I usually can get about 269 on a tank of gas, today I was at 200 when the car stumbled, died, I was able to get it to crank go another 5 miles to the gas station, the Check Engine light came on for a second when running, then turned off. But, I was within 500 ft of the station on a slight incline and it was stuttering before finally pickin up speed to get to the pump. I filled it up, it only held 8.5 gallons so that indicates there was at least another 1.5 in the tank.
I get on the freeway onramp, slow response, get up to 70 MPH. The car always seems to have good throttle response between 70-80MPH (3rd). I go the next 8 miles to the offramp, which has another slight incline to merge in to traffic, throttle response seems crisp this time. I go another half mile at about 40MPH, slow throttle response.
When I pull into the parking lot, exit the car I smell transmission fluid. Never smelled it until I exited, also the transmission never slipped. It just seems it's not kicking down to the proper RPM to match the throttle position which seems to be causing my above issue.
Now I have this new problem of great concern, the smell of ATF fluid. I checked it last week, the level was good, it did look a bit dark. Had planned to change it, ordered a kit but the kit showed up yesterday missing the filter.
Evening update:
Things almost got real bad and real fast. Flames shot out the back, then the brake pedal went flat to the floor. My guess is the rear caliper seized, blew the line from pressure, fluid ignited.

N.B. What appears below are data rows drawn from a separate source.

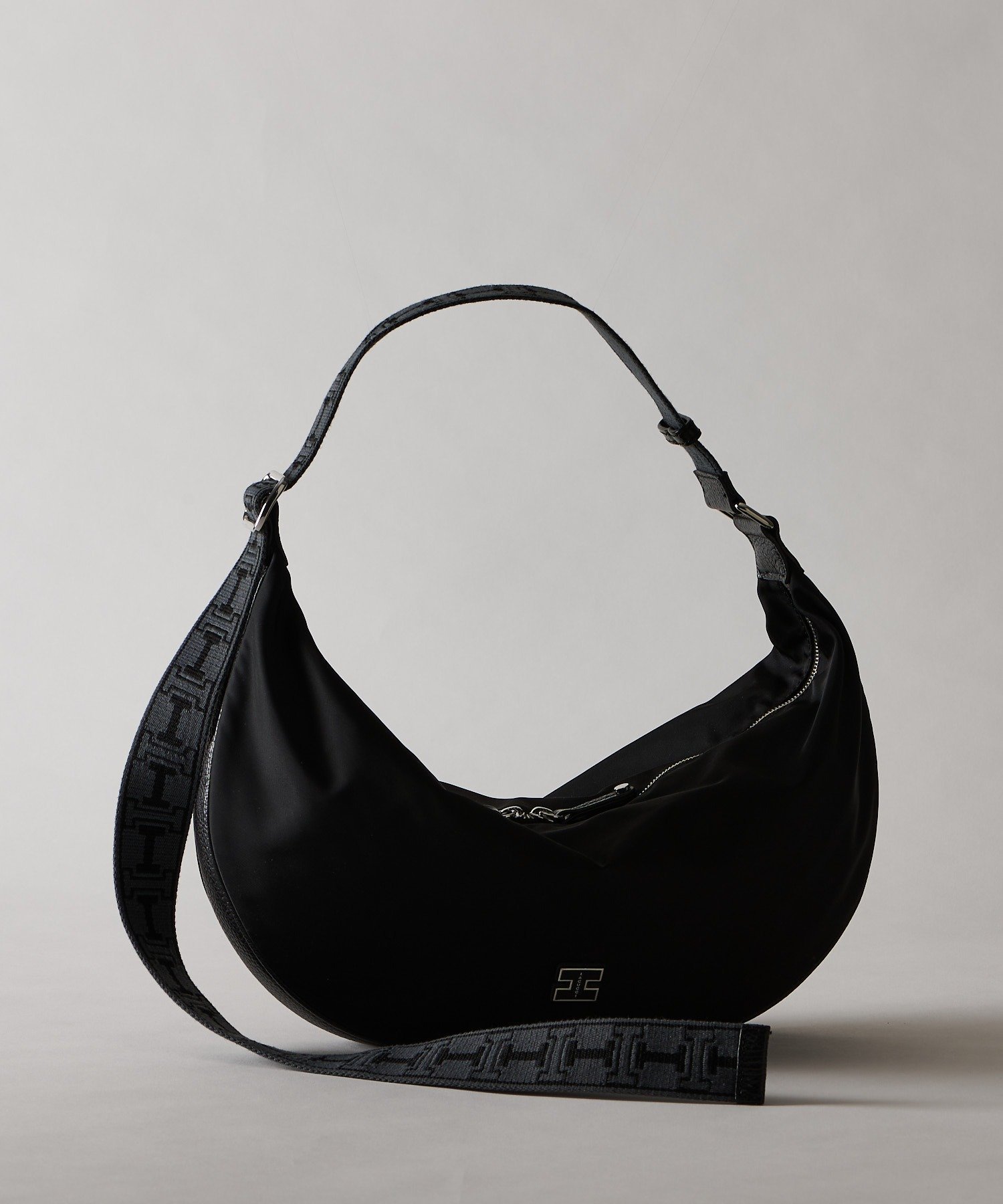 IACUCCI アーゴ M NYLON/CERVO イアクッチ バッグ ショルダーバッグ ブラック【送料無料】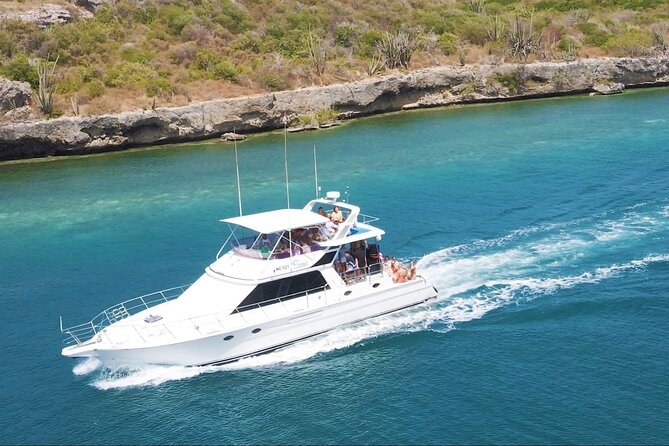 Fxumqvay Private Yacht & Hidden Coves Snorkel Day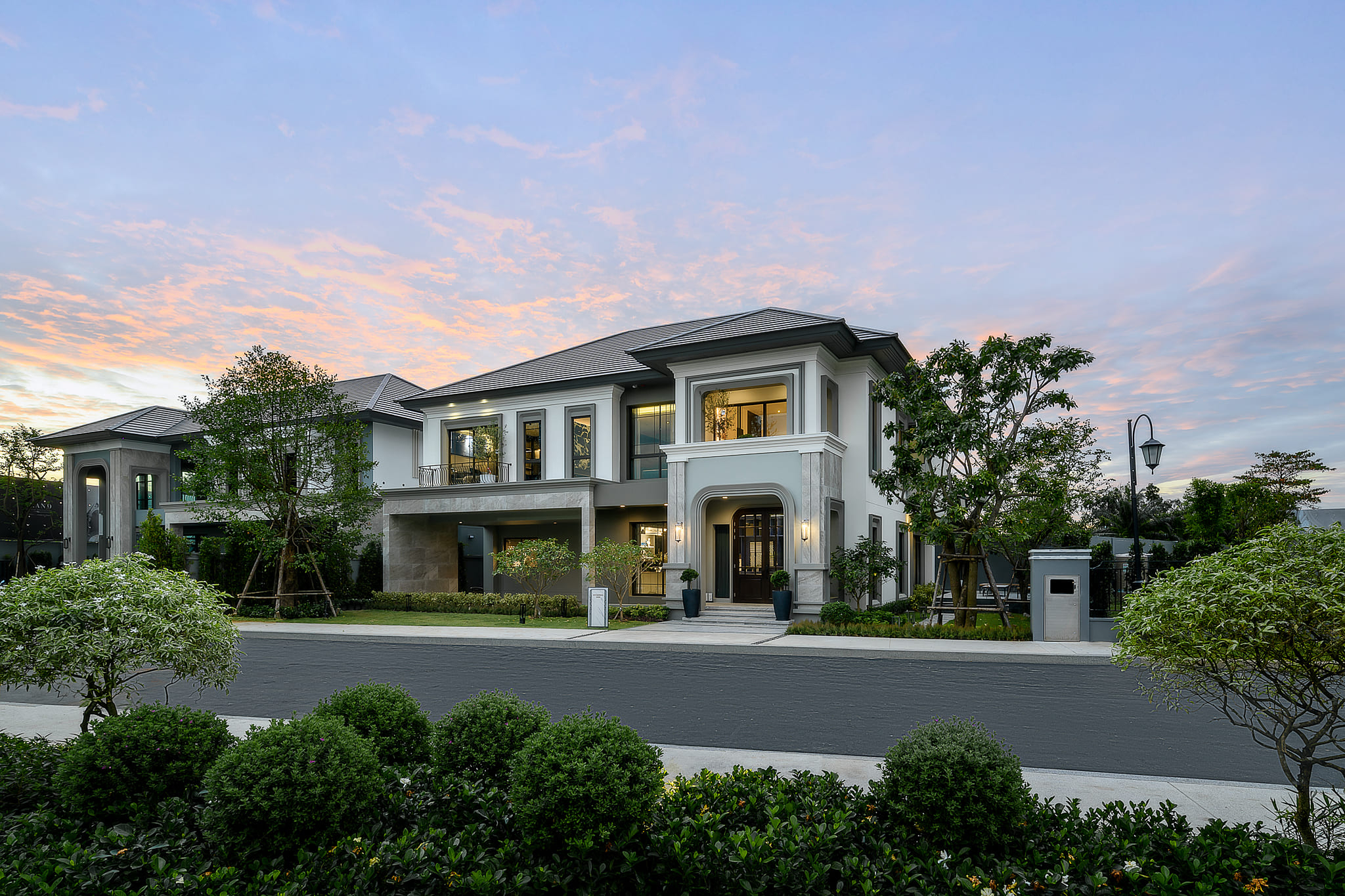 แกรนด์ บางกอก บูเลอวาร์ด รามอินทรา-เกษตรนวมินทร์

Right before I couldn't get it to barely throttle, the car was vibrating, I smelled what I thought was ATF, must have been brake fluid. The entire rotor is a charred mess in pieces. Hoping no damage to axle or else, won't know till the weekend.
I guess this is the source of my "throttle" issue since this is the left rear on the axle. Essentially the brake caliper was seized on the rotor.
Friend is coming to tow me home. Thank God I had watered down coolant to douse the fire. Whew
I just received the last bits of my brake parts yesterday minus front hose and calipers. Had planned to replace the whole system this weekend.
So from what I can tell at this point, the cause of my slow throttle response was a seizing caliper, hence what I thought was ATF fluid, though I never saw any on the ground or the undercarriage.